I think I've pointed out that it is documented, in the "obsolete feature"
section of the CPP manual. I've digged a little further, and pragma once
and import where already considered obsolete by gcc for 2.95.3...
Incidentally, the reason they were added and then obsoleted may
be illustrative.
Consider the following expanded source code fragment:
#include <some/path/file.h>
#include <another/header.h>
#include <alternative/path/file.h>
which is the result of:
#include <some/path/file.h>
where the "file.h" in question begins with:
#include <another/header.h>
and "header.h" begins with:
#include <alternative/path/file.h>
As it happens, <alternative/path/file.h> is another name for
the file <some/path/file.h>.
If file.h contains a "#pragma once" directive, does this prevent
the double inclusion of the file under the alternative name
<alternative/path/file.h>? If so, why? If not, why not?
If file.h begins with:
#ifndef H_USUAL_PATH_TO_FILE_H
#define H_USUAL_PATH_TO_FILE_H
... contents of file.h ...
#endif
then, regardless of whether you:
#include <usual/path/file.h>
or:
#include <some/path/file.h>
or:
#include <alternative/path/file.h>
the actual contents get included exactly once.
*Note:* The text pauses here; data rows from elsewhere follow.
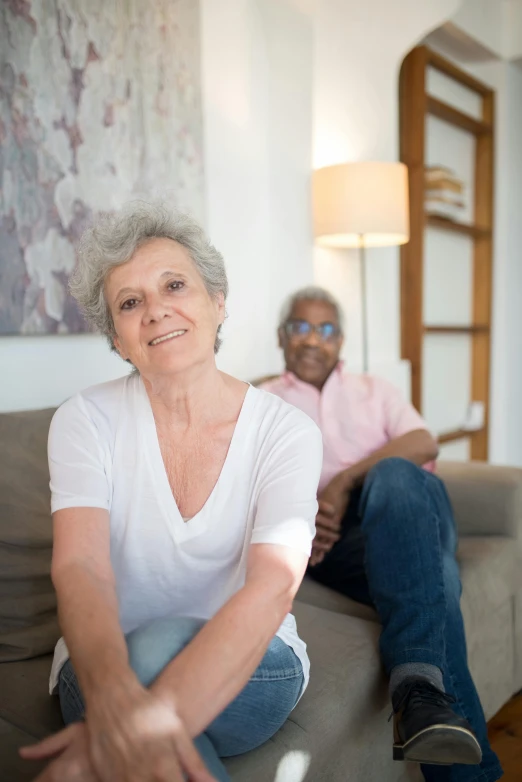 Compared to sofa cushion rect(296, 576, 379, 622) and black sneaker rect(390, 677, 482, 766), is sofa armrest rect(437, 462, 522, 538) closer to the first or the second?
sofa cushion rect(296, 576, 379, 622)

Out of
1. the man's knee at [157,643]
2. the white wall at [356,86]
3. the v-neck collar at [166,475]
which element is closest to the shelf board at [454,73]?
the white wall at [356,86]

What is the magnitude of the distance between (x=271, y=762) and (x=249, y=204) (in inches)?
80.1

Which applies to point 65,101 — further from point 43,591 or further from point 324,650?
point 324,650

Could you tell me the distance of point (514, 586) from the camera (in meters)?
1.84

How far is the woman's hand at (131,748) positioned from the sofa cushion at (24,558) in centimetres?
51

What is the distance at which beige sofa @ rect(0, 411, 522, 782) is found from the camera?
3.43ft

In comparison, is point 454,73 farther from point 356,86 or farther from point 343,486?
point 343,486

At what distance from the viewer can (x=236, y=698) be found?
941 millimetres

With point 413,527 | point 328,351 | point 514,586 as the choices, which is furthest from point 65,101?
point 514,586

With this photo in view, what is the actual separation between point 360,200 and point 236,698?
2.03m

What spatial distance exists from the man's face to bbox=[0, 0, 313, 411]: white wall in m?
0.45

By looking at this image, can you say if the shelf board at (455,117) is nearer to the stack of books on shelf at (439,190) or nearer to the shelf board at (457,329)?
the stack of books on shelf at (439,190)

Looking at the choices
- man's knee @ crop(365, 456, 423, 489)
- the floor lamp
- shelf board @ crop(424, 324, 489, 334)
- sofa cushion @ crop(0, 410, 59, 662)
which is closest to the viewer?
sofa cushion @ crop(0, 410, 59, 662)

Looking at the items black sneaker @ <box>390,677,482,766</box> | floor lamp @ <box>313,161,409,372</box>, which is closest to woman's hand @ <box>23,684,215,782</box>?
black sneaker @ <box>390,677,482,766</box> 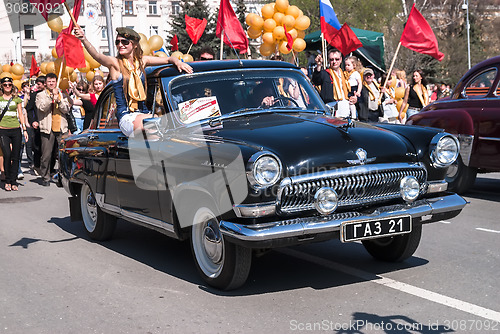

This is true whether
or not those files are links, symbolic links, or copies. GCC's
implementation of "#pragma once" attempted, at some point at least,
to use Unix/POSIX <dev,inode> pairs to uniquely identify files, so
that links and symbolic links were handled correctly, but as it
turns out, this fails when the file is on an NFS file server under
two different mount points. In this case, the files appeared to
be different, as if the two names specified copies of the file.
One could, perhaps, run something like an MD5 checksum on the entire
contents of the header. The chances of two different headers having
the same MD5 sum are low enough to disregard. But it seems simpler
to use header guards, which work even in the presence of links,
symlinks, copies, and NFS file servers.